Some pieces of appealing design were thrown in, but the execution was lacking. Belit demonstrates a love of her father's ships, and a desire to be a pirate queen. The details are missing. We are not shown her attachment to the ship, nor are we really given any hint of how she plans to become a queen of the seas. Also, there are hints of her having a connection to sea-creatures, perhaps even summoning them, which would have been welcome, but was squashed.

The best part of this issue is Stackpole's 3-page, novelette serial: "Bone Whispers." It's a great extension from the introduction and is a great companion piece regarding Belit.

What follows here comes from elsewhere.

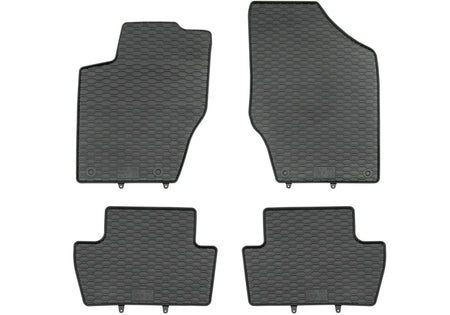 Tapis de voiture Peugeot 307 Facelift, fabrication 2005 - 2012, carrosserie berline #3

But the comic is main draw, and we are treated to another meandering story of teen-aged brat and a "WTF moment" during a key conflict: catapults on pirate ship. Yep. You might be thinking "hey, aren't catapults siege engines used on land?" and you would be correct. Some historians might say "they were on used ships, but usually war barges, since sails would interfere with the ammunition."

Here, Belit has catapults attack her friend?/nemesis sea-creature, a leviathan (a kraken with tentacles). You would hope that the artist or writer would realize how dumb this is. Would have rather seen Belit dive in the sea and wrestle the giant squid. Instead, I gazed a panel that literally has a catapult shooting rocks through a sail. For a series that strives to make connections with pirate-loving, seafaring adventurers, you'd hope they would have applied a ballista, or a Greek-fire spewing canon.

Then we have a glint of hope: Belit and her pirate buddies decide to use the carcass to exploit a random port, to convince them that protection is needed and they require money for that. Turns out the port (one of many) happens to be the one that can controls/summon more of the sea creatures. WTH. There is no foreshadowing of the importance of this port, or that a sorceress may be controlling the sea creatures... in fact, this shift takes away from Belit having a special connection to the rare creatures. It would have made more sense if Belit had summoned more (even accidentally).

This is pitched as a 5 part series, and there is no clear conflict/story-arc guiding episode #3 (in the comic anyway, the "Bone Whispers" story on the other hand is building tension and hope just fine). What can we expect? Well, at least one absurd panel.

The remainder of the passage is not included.